The best way to form the foundation of a sound estate plan is by creating your final will. With it, you can express your wishes for dividing estate assets among your loved ones. Once you have it in place, you can continue to build your plan until it meets your needs.
Several types of wills are valid in California: handwritten, typewritten and wills prepared by an attorney. You may also use a free, government-provided form called a statutory will.
A statutory will may not meet your needs
Although this will is probably better than no will, it is a simple, prewritten document exclusively for California residents. All you need to do is fill in the blanks.
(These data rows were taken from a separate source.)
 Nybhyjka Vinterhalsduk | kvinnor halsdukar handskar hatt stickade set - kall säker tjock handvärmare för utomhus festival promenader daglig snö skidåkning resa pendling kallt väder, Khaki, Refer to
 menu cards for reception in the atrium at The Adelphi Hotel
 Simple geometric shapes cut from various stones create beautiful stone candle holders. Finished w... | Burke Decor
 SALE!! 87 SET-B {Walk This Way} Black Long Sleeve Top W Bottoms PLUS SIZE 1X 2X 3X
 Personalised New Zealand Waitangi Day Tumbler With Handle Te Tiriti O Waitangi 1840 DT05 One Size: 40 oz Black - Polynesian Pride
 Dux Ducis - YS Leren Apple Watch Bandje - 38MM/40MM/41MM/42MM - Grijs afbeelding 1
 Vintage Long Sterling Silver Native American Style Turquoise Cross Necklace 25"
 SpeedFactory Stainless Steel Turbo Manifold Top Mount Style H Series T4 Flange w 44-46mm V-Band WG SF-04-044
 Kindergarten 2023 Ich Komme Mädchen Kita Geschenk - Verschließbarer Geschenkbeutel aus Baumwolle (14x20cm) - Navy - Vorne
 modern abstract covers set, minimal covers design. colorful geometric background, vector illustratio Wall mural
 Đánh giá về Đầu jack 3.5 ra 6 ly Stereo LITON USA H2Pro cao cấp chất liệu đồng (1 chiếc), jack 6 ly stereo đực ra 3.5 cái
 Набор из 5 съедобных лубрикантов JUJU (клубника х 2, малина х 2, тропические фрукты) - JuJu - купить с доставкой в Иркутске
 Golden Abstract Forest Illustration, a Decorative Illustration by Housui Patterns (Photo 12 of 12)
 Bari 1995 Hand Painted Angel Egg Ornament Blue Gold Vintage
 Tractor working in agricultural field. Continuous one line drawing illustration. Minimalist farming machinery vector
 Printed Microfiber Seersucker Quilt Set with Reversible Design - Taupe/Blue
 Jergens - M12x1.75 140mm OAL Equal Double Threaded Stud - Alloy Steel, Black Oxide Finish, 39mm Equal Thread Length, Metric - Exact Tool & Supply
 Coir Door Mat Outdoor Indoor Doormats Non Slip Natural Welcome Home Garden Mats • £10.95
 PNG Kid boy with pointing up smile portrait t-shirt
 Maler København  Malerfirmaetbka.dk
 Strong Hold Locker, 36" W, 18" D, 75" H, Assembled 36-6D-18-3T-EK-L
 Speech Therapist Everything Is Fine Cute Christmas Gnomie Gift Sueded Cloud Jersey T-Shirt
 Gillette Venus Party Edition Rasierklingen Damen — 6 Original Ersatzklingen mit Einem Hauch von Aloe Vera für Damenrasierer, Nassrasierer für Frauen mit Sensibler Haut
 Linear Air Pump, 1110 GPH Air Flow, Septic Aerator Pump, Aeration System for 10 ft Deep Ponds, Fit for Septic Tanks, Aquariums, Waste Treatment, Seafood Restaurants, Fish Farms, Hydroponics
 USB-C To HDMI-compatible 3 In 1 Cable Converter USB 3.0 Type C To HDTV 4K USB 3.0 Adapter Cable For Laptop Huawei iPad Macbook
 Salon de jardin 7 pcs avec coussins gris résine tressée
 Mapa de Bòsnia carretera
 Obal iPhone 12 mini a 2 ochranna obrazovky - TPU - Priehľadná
Sure, it is a fast and easy remedy, but even the state probate code warns against its use in most situations.
The disadvantages of a statutory will include:
- No way to minimize death or other taxes
- No special provisions for foster or stepchildren
- No means of modifying the document to fit your circumstances
For example, if you use a statutory will, you are not permitted to alter or change the document in any way.
If you still aren’t sure whether you need a more comprehensive final will, situations for which the statutory form is ill-advised include:
- Your own business assets
- You own assets outside of California
- You want to disinherit a family member
- You have more than $600,000 in assets
- You participate in potentially valuable profit-sharing or pension plans
Unless your estate is small and contains very few assets, you probably need more than a statutory will. Continue learning about estate planning and its many components to discover solutions that preserve your assets and protect your family.